Personally, I'm a fast talker. I also talk with my hands which can be interesting for people around me when I have a Bluetooth headset stuck in my ear. I'm sure half my neighbors think I'm insane.
Think about the people in your life and put them in situations -- you can picture them moving around, talking, and acting because you know them. This is how you should know your characters. They are individuals in your mind and in your narrative. They have a favorite curse word, they answer the phone a certain way, and they call their lover "babe" instead of "sweetheart".
Word choice is important. How people phrase their thoughts when they are angry, excited, or sad is individual.

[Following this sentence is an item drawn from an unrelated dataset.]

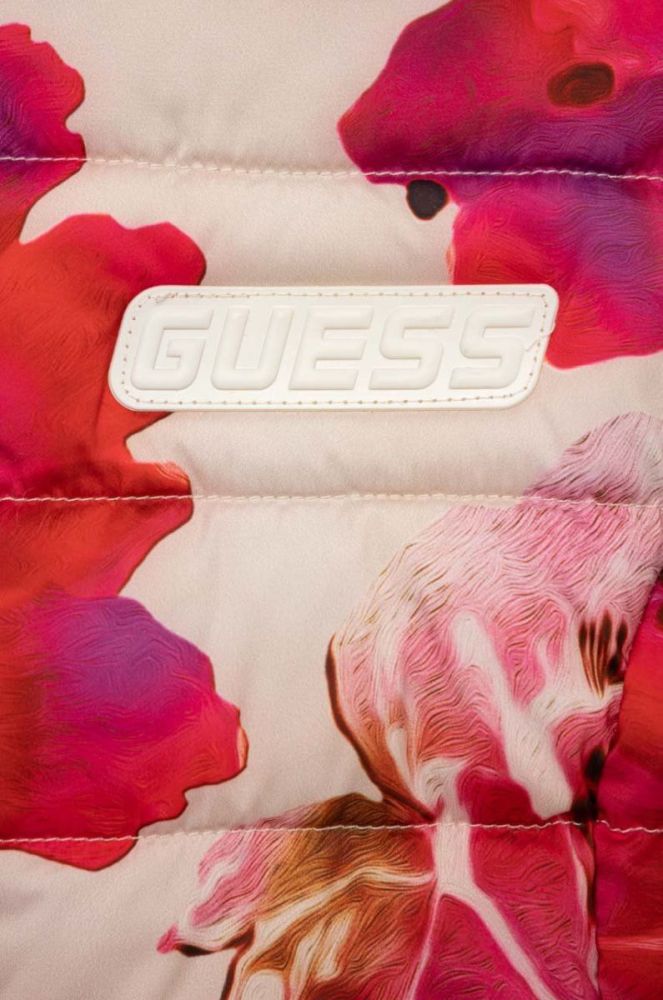 Дитяча безрукавка Guess колір бежевий (2914746) фото 3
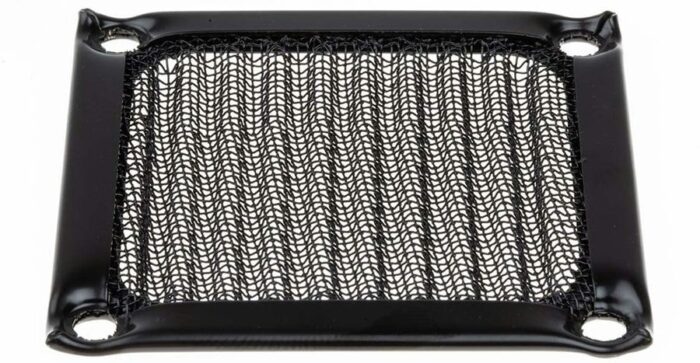 8002719799 Fan Filter for 60mm Fans, Aluminium, Stainless Steel Filter, 60 x 60mm Hirschmann — изображение 2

Personally, when I get emotionally hurt - I can barely speak. I stumble over my words, hyperventilate, and often stutter. My husband's voice drops -- gets deep like Barry White when he's angry and soft, barely audible when he's just sad or upset.
My grandmother's favorite exclamation went like this: "Now, ain't that a shame." She also favored: "Bless his heart." Both phrases within the context of coming out of a southern woman's mind can mean a multitude of things. "Bless his heart" could mean anything from "I feel sorry for him" to "he was so stupid, I'm not surprised he died doing something foolish."
You can give your characters depth and create real intimacy between them AND with your reader if you pay attention. Don't allow them to sound all the same, use different phrases, different speech patterns and rhythms for each character you create.
Use caution, however, because you want to use such tricks and tools sparingly to avoid turning your characters into stereotypes.